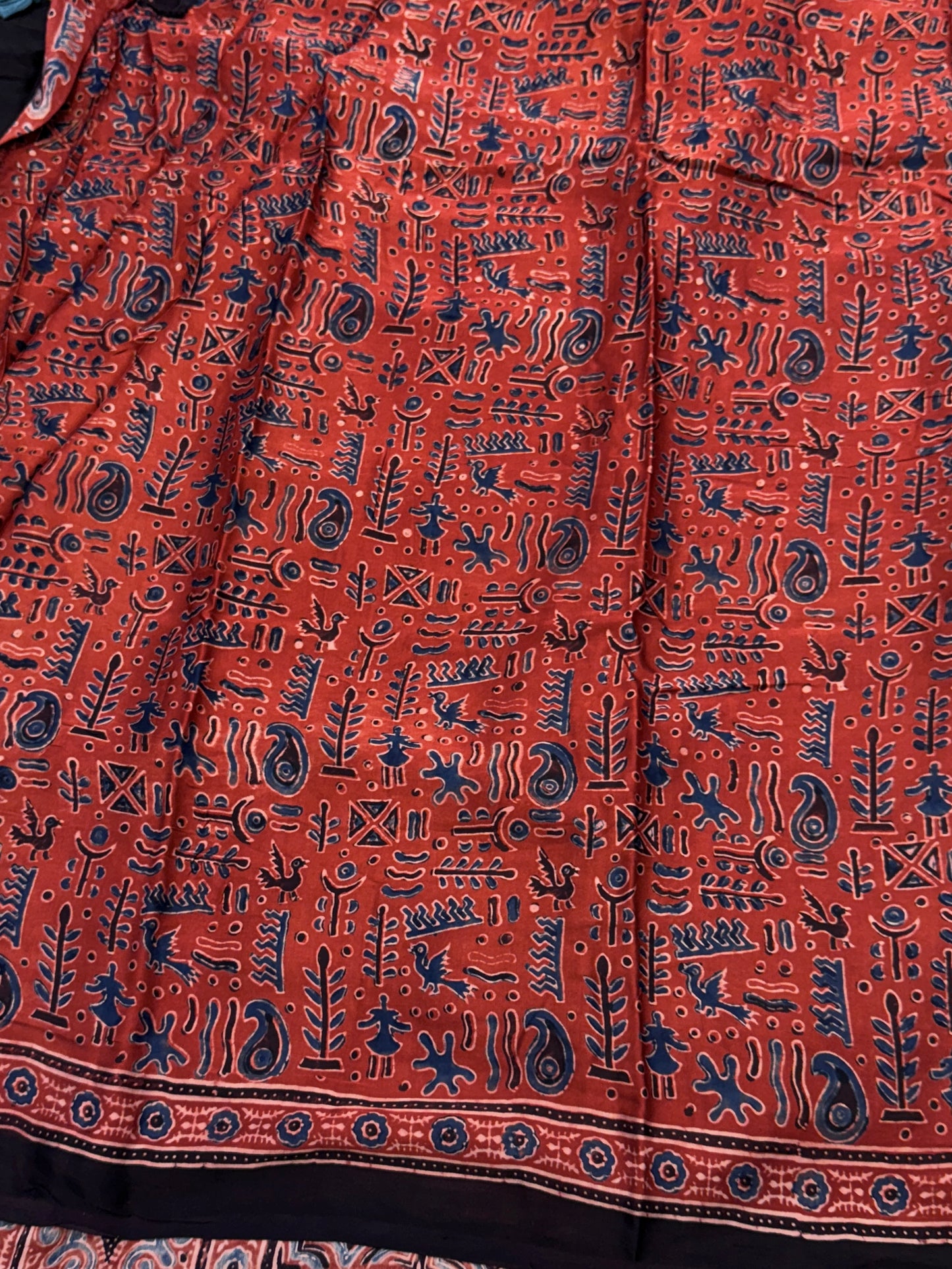 Raag Badam Red Black Ajrakh Print Modal Silk Saree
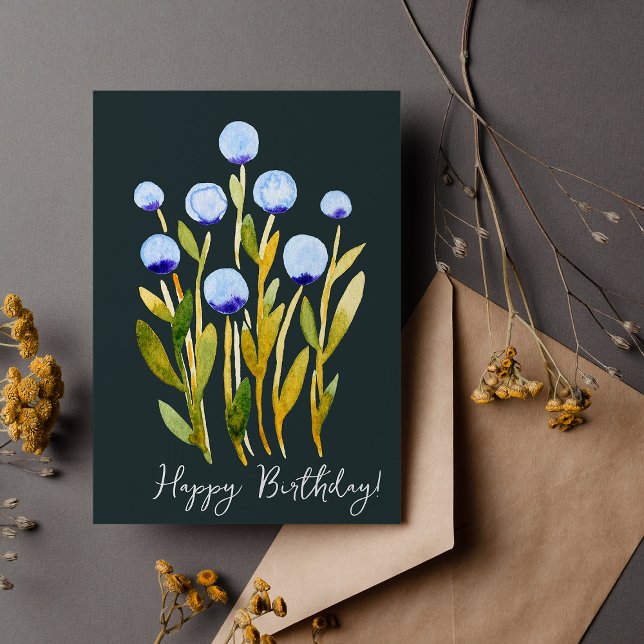 Minsta blåfärgade blommor i grattis på födelsedage kort (Skapare uppladdad)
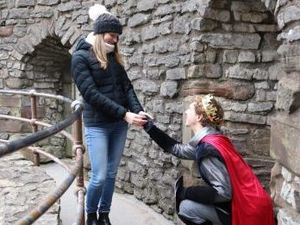 Supporting image for story: Man dresses as prince and proposes to girlfriend at Dudley Castle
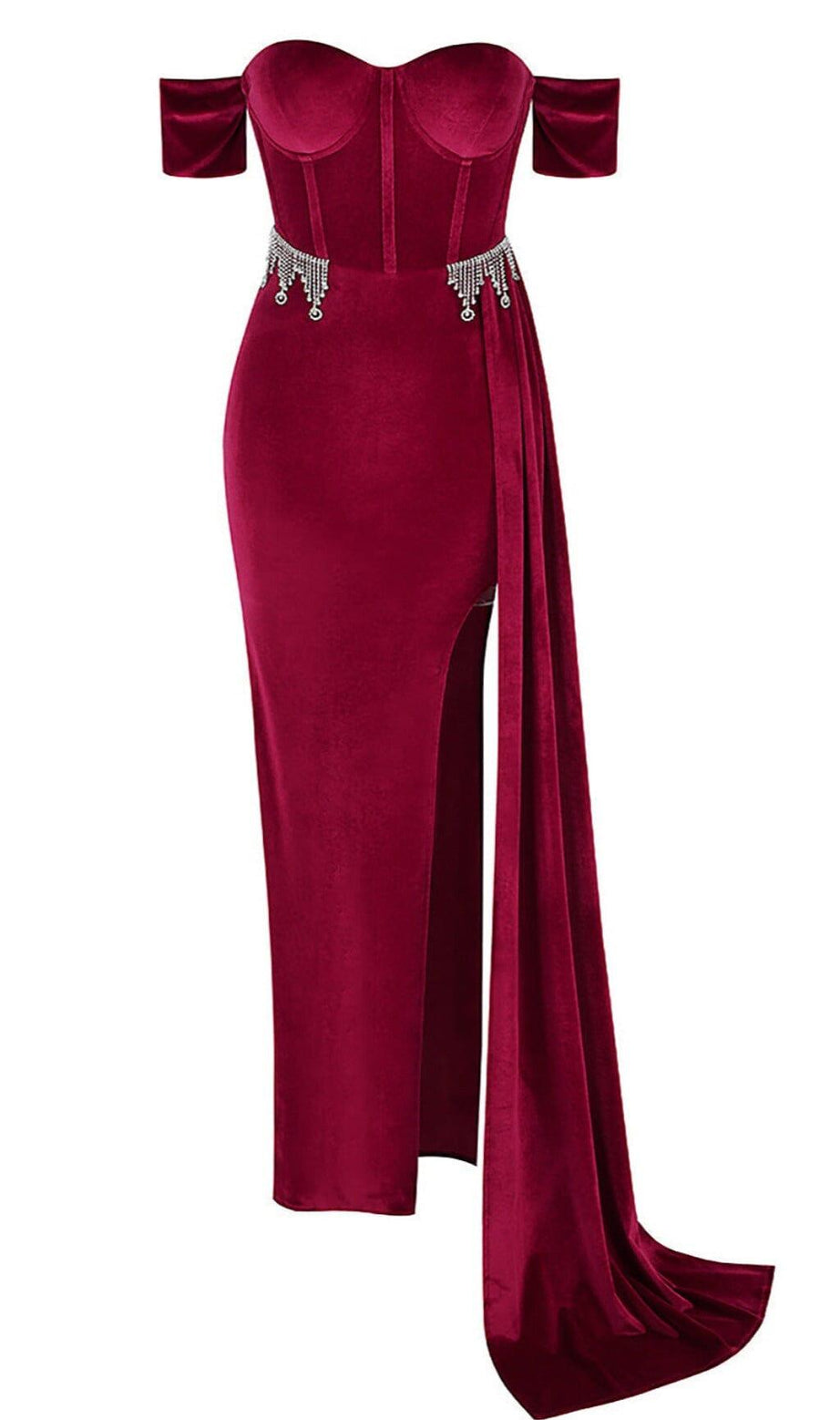BURGUNDY VELVET OFF SHOULDER SIDE TAIL SLIT MAXI DRESS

○ ○ ○

# Work task
Please reproduce the lines above from the one containing "Supporting image for" through the final line, exactly and inclusively, leaving out each picture.

# Result of the exercise
 Supporting image for story: Man dresses as prince and proposes to girlfriend at Dudley Castle
BURGUNDY VELVET OFF SHOULDER SIDE TAIL SLIT MAXI DRESS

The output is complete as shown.